Towards a Theory of Pseudo-Isidore: Part III

What elements of Pseudo-Isidore does Divinis praeceptis attest to?

As I said last time, its text is little more than a patchwork of legal citations, almost all of them apparently drawn from the Collectio Hispana. And one of these citations contains a fairly distinctive textual variant that recurs in the interpolated Hispana (a.k.a the Autun Hispana, or the Hispana Gallica Augustodunensis--the legal collection apparently prepared by our forgers and deployed as a vehicle for the decretal forgeries) and almost nowhere else. So if you buy my arguments, Divinis praeceptis gives you a terminus ante quem of 833 for the start of work on the interpolated Hispana.

Divinis praeceptis also contains two Roman law citations (one of them from an expansion to Alaric's Breviary, the other a Sirmondian constitution). Interestingly, our decretal forgers almost never cite Roman law unless that law is also excerpted somewhere in Benedictus Levita. Whenever you get Roman law in the decretals, if you look down in Hinschius’s apparatus fontium you’ll almost always find that the same text also occurs in Benedictus. It’s like our decretal forgers didn’t have any Roman law to hand, except the Roman law that had been cut and pasted into Benedictus Levita. And sure enough, the Roman law citations of the Gregory missive also have Benedictus Levita parallels. So if you buy my arguments, we also have at least the slightest hint that someone has started to amass the texts that later came to be packaged as the capitularies of Benedictus Levita. I want to emphasize that this is a slight hint. It is not a firm date. I wouldn’t go so far as to call it a terminus of any kind. But it is still worth noting.

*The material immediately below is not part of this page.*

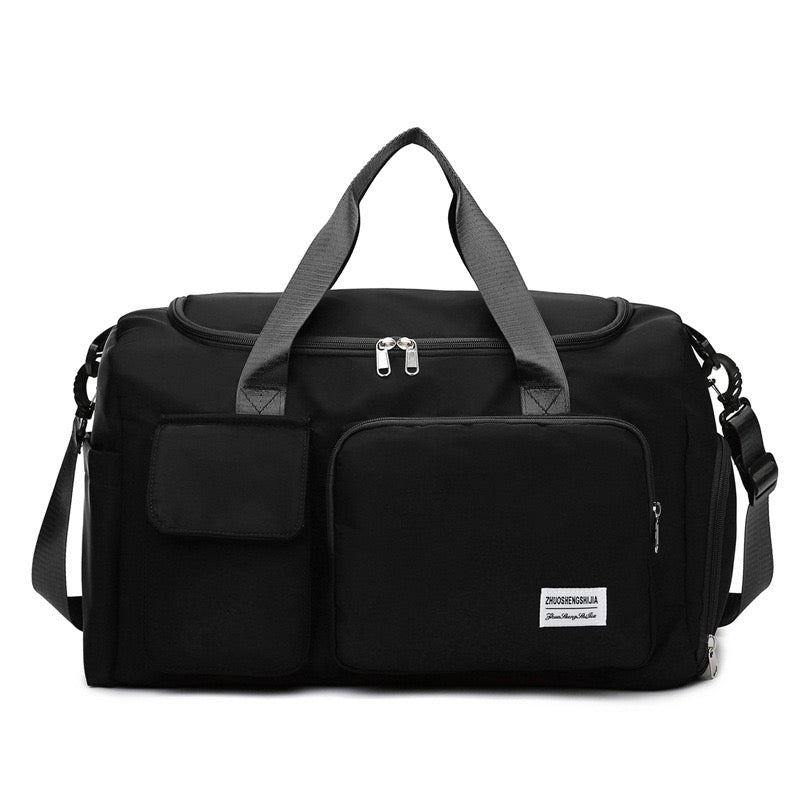 Black Multi-Pocket Travel Duffle Luggage Bag.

Divinis praeceptis rewards close study in other ways, too. Remember the fundamental position of the interpolated Hispana in the forgery universe: Excerpts from our forgers' unique recension of the Hispana crop up in Benedictus Levita, and this Hispana was also mined in the composition of the False Decretals, which were then packaged with the interpolated Hispana and circulated as the three-part canonical collection of Isidorus Mercator. While much about the internal chronology of the Pseudo-Isidorian forgeries remains unclear, it is all but indisputable that the interpolated Hispana came first. I’ve already noted that the frenetic patchwork composition of Divinis praeceptis, with hundreds of citations lifted from all manner of legal texts, smells a lot like Pseudo-Isidore. The limited source pool, though—primarily Hispana texts and little else—is extremely atypical. In fact, though the interpolated Hispana was certainly used in the composition of other Pseudo-Isidorian decretals, it’s far from being our forgers’ favorite source.  I can’t think of a single decretal forgery that draws exclusively from the Hispana. If anything the Dionysio-Hadriana crops up more often, and even those excerpts occur alongside a wide range of other patristic and biblical snippets. It’s like our forgers-to-be drafted Divinis praeceptis before they had begun to pull together other materials for their forgery project.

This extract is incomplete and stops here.